En medio de ese ir y venir cotidiano, pocas veces nos detenemos a preguntarnos: ¿alguna vez amaste lo que haces? Y si la respuesta es sí, ¿en qué momento dejaste de hacerlo?

Para muchas personas, el trabajo se ha convertido únicamente en una obligación o un medio para obtener ingresos. Sin embargo, desde la perspectiva cristiana, también puede ser una forma de responder al llamado de Dios, poner nuestros talentos al servicio de los demás y encontrar un propósito que vaya más allá del éxito profesional o del salario.

¿Y si el problema no fuera tu trabajo, sino haber olvidado para qué y para quién haces lo que haces? La Iglesia enseña que toda persona tiene una vocación, es decir, un llamado de Dios a realizarse plenamente en el amor y el servicio. Ese llamado no se limita al sacerdocio o a la vida religiosa; también puede vivirse en una oficina, un salón de clases, un consultorio, un taller o cualquier espacio donde el trabajo se convierta en una oportunidad para transformar la realidad y contribuir al bien común.
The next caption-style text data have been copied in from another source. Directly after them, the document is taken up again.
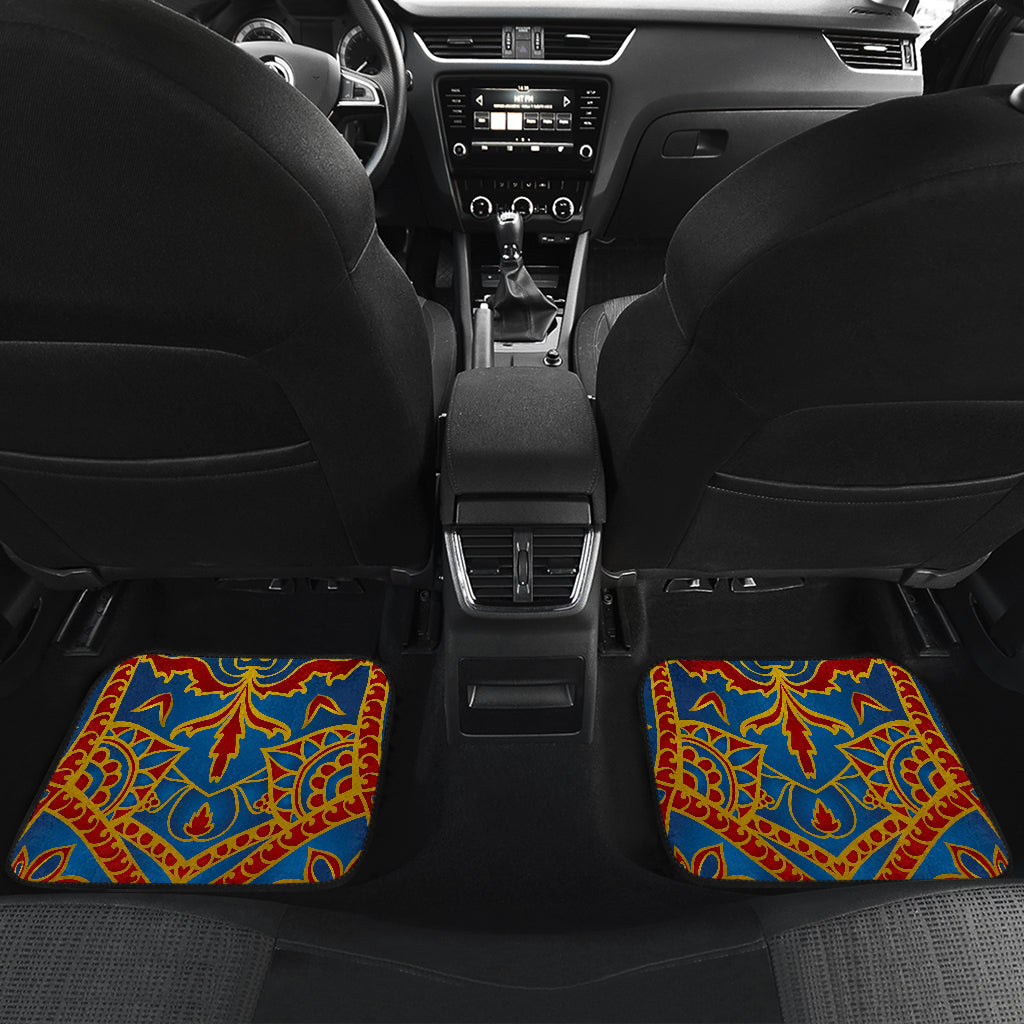 Bohemian Indian Mandala Pattern Print Front And Back Car Floor Mats/ Front Car Mat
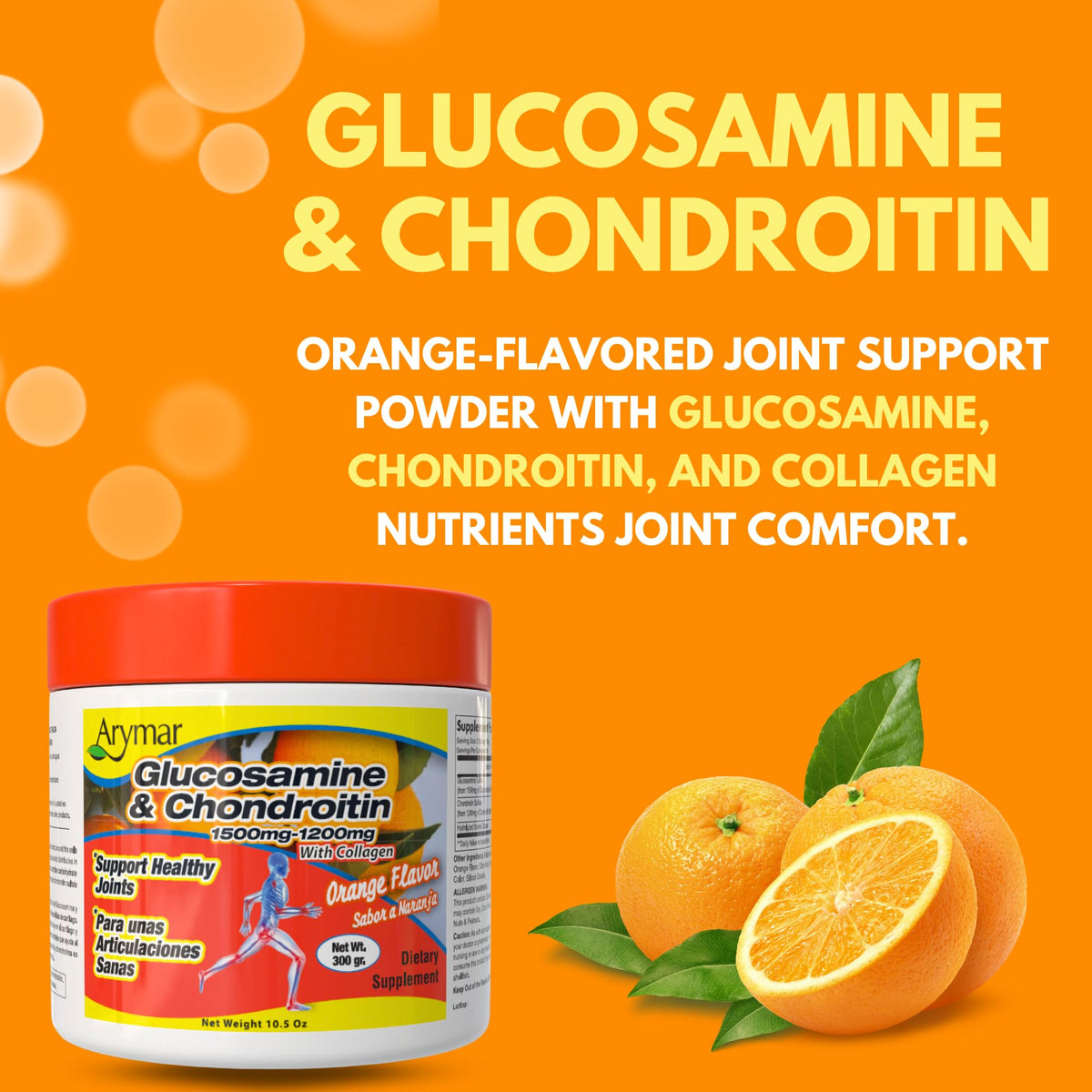 Poudre de glucosamine Arymar sur une table avec des ingrédients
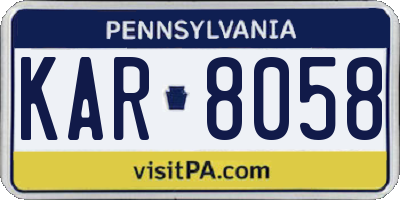 PA license plate KAR8058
El trabajo no es sólo una fuente de ingresos, sino también una vocación. Foto: Desde la fe IA

¿Dios quiere que seas feliz en tu trabajo?

“La verdadera felicidad nace cuando descubrimos que nuestro trabajo forma parte de una vocación, es decir, de un llamado a poner nuestros talentos al servicio de los demás y de Dios“, comenta el Pbro. Daniel Salgado Gutiérrez, coordinador del Centro de Orientación Vocacional del Seminario Conciliar de México.

“Cuando uno está enamorado de lo que hace, lo hace bien”, añade que existe una plenitud especial cuando una persona descubre aquello para lo que ha sido llamada y lo vive con autenticidad, ya sea en el matrimonio, la vida laical, la vida consagrada o el sacerdocio.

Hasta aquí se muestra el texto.